Hagerstown and its environs have from time to time been accused, with varying degrees of validity, of having a shadow government that forms policy and makes decisions behind the scenes, and then tells local elected boards what to do.
Community movers and shakers understandably take great offense at this theory, but if you’re battling a stereotype, it doesn’t help to organize a secret meeting at Fountain Head Country Club.
It was there that Del. John Donoghue, with the help of former Del. Bruce Poole, met with community leaders both elected and nonelected to talk strategy over the upcoming gasoline-tax debate, a possible relocation of the school system’s central offices and who knows what else.

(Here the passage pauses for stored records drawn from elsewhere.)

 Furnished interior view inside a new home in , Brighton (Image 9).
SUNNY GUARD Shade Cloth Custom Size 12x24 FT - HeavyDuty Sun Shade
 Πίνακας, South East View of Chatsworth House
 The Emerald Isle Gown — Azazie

While not in violation of public meeting law, the event was significant enough to attract representatives from City Hall, the School Board, Hagerstown Community College and at least two private business groups.

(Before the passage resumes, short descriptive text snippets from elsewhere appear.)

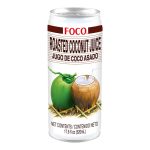 FOCO Roasted Coconut Juice med frukt kött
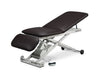 Hi-Lo Power Treatment Table w/ Adjustable Backrest, Drop Section & Casters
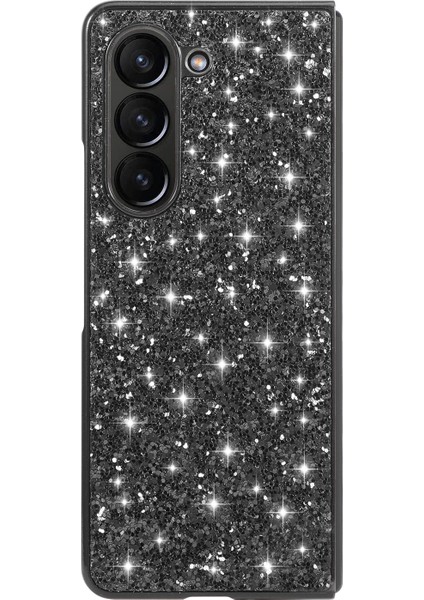 Samsung Galaxy Z Fold5 5g Glitter Pulins Telefon Kılıfı Elektrokaplama Tpu Çerçevesi Sert Pc Arka Kapak (Yurt Dışından) indirimleri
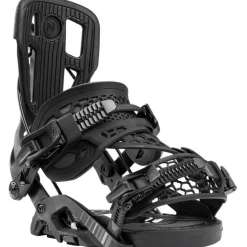Nidecker Flow Fuse Hybrid bindingen black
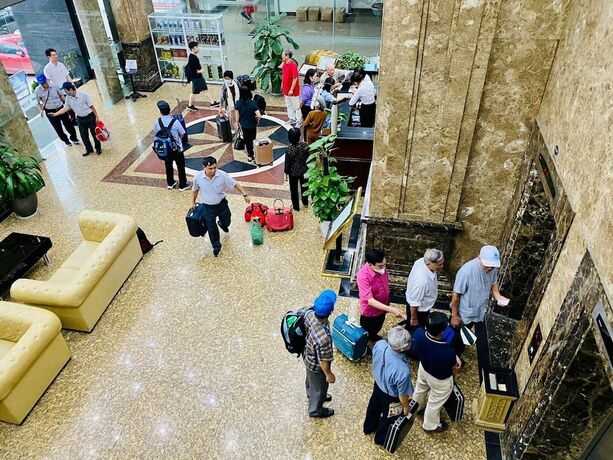 Imagen general del Hotel Kim Thai Hotel. Foto 2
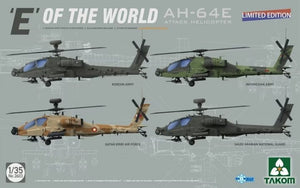 Takom 2603 E du Monde AH-64E Hélicoptère d&amp;#39;attaque 1/35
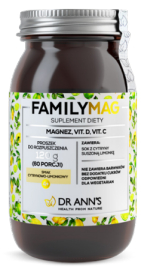 Dr Ann's FAMILYMAG magnez bez dodatku cukru 120g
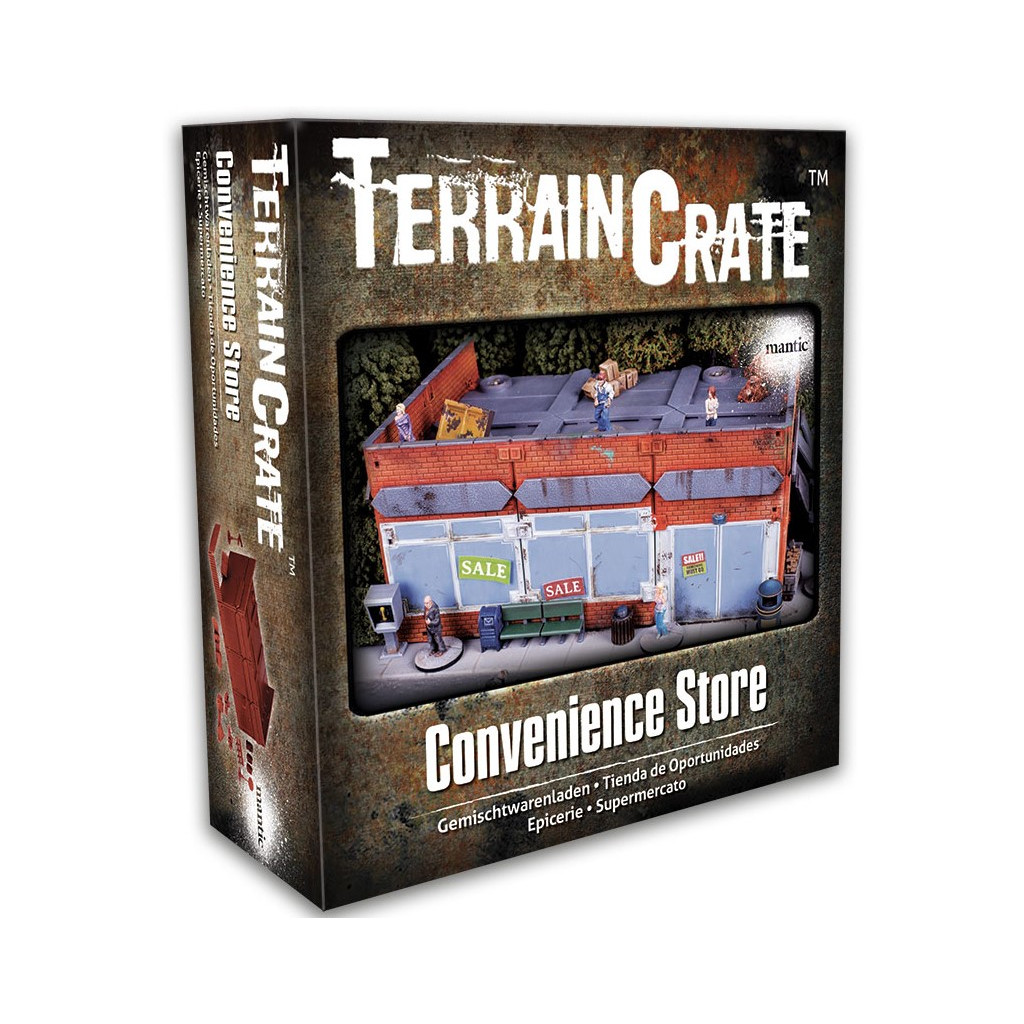 Terrain Crate: Convenience Store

Donoghue represented the meeting as a quick huddle to make sure all local boards were on the same page, before the debate moves to Annapolis.

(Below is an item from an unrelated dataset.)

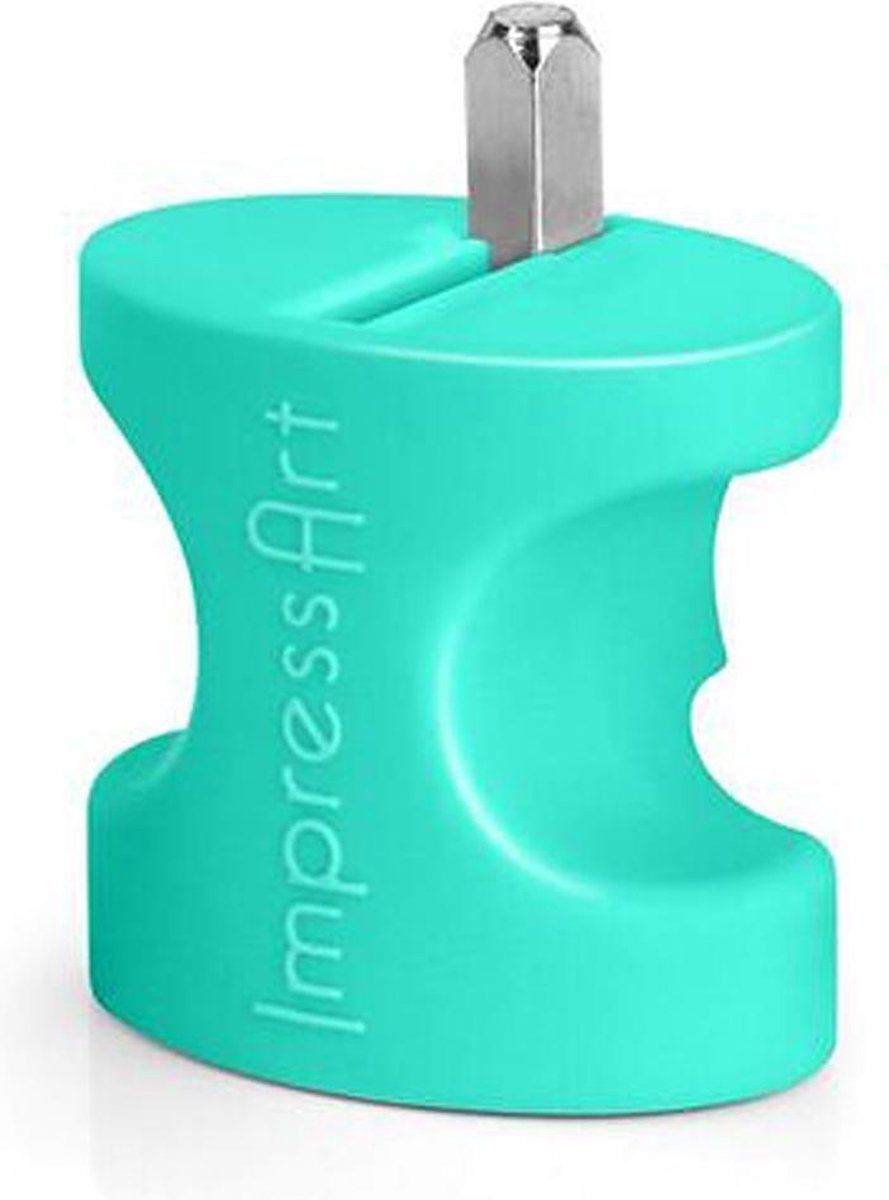 ImpressArt Houder Voor Slagpen Stempels Blauw 1 x 3 mm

The overriding sense is that the General Assembly will pass a gas-tax hike this session, and we can either support the tax and get a share of the revenue, or oppose the tax and be left behind.
This is a simple and obvious characterization of the issue, and on that point we agree with those who organized the meeting. But we must disagree with their method.
We suspect that the meeting was held behind closed doors because no one in a position of accountability wants to be heard saying anything that could be construed as being in favor of the gas tax.
But that attitude accentuates the problem. In fact, no one favors a gas tax. But neither do we favor potholes, broken shocks, traffic jams or dangerous bridges. So the question becomes, how do we pay for essential highway projects — and the answer on the table at the moment is by raising the gas tax.
Rather than hide from the issue, we wish our leaders, if that in truth they be, would come out from behind the country club doors and make the case to the people of Washington County.
This group is engaged in important work, but when it meets privately it gives us the impression that its membership believes that we are such children that we can’t possibly understand the nuance of public policy.
We give the people of the community more credit for being able to see the situation for what it is: If our lawmakers wage a holy war against the gas tax, not only will motorists in this county have to pay the higher tax anyway, but all of Washington County’s tax revenues will be spent in other parts of the state.
That’s a crucial message, and we need people in this community who will stand out in the open and say it. By meeting in secret, the community will be encouraged to believe that this is just another example of Hagerstown’s shadow government cramming decisions down our throats without the consent of the governed.
Donoghue promises that any future meeting on the issue will be open. Either that means that he understands that open is better, or it means that no future meetings on the subject are planned. We hope it’s the former.